▶ _REQUIREMENT_
Drop the pictures and extract exactly the lines from the one that contains "Dental Powder for Dogs and Cats" through the end of the material.

(DATA BELOW)

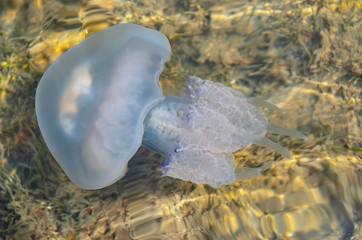 Jellyfish swims in the clear sea water at the bottom.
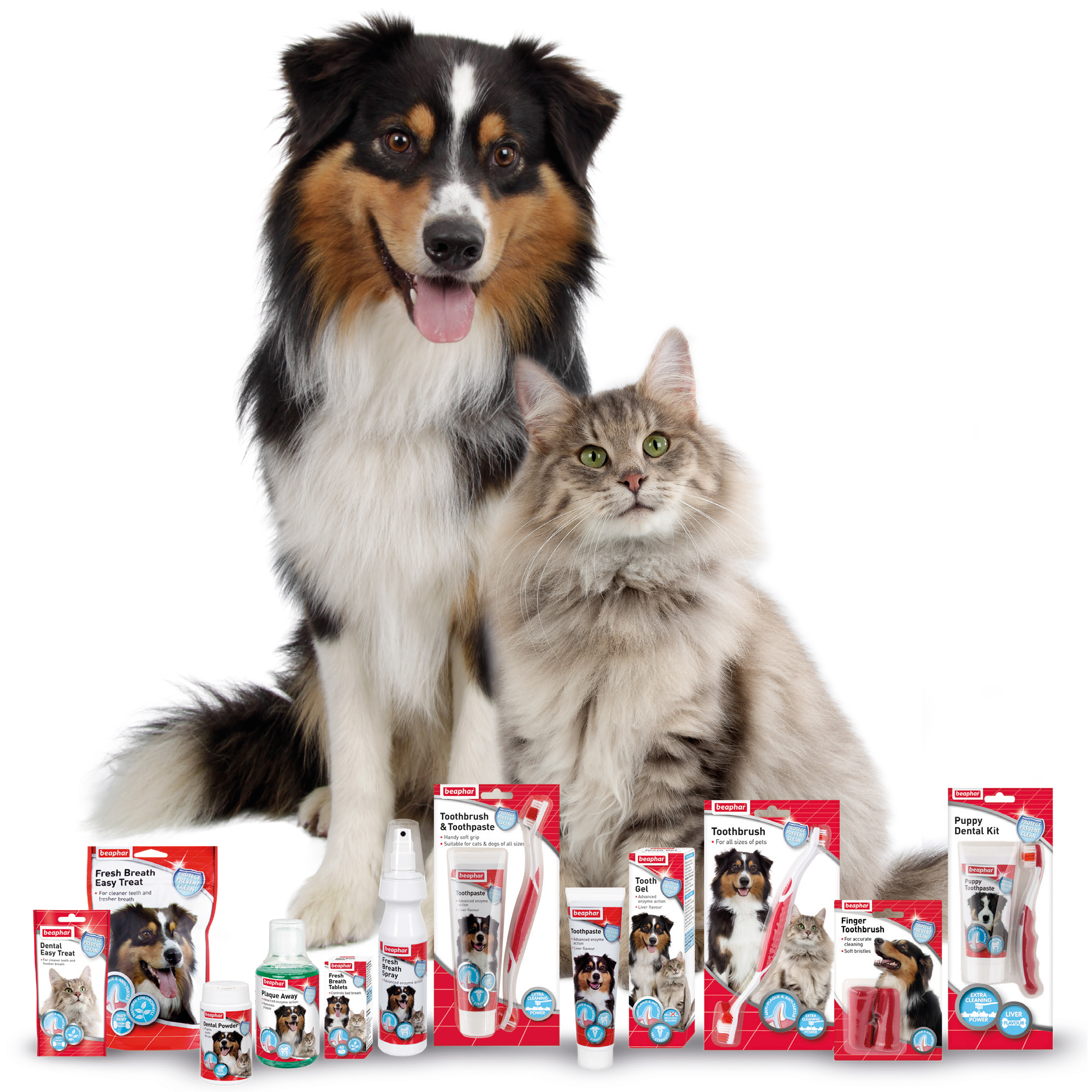 Dental Powder for Dogs and Cats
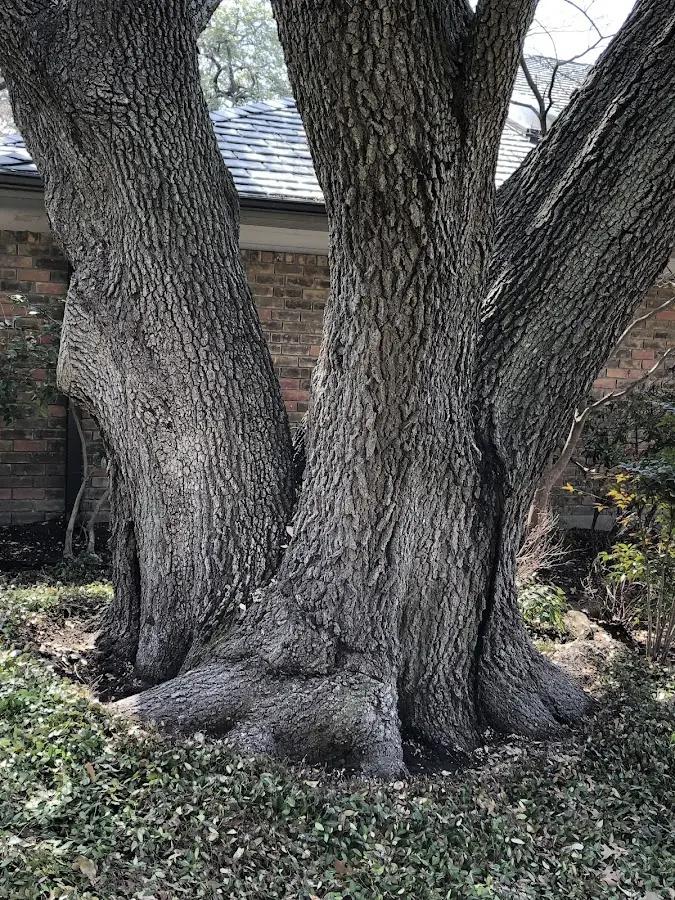 Mature heritage tree close to a Lovelaceville property cared for by certified arborists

(End DATA BELOW)

▶ _RESULT_
 Dental Powder for Dogs and Cats
 Mature heritage tree close to a Lovelaceville property cared for by certified arborists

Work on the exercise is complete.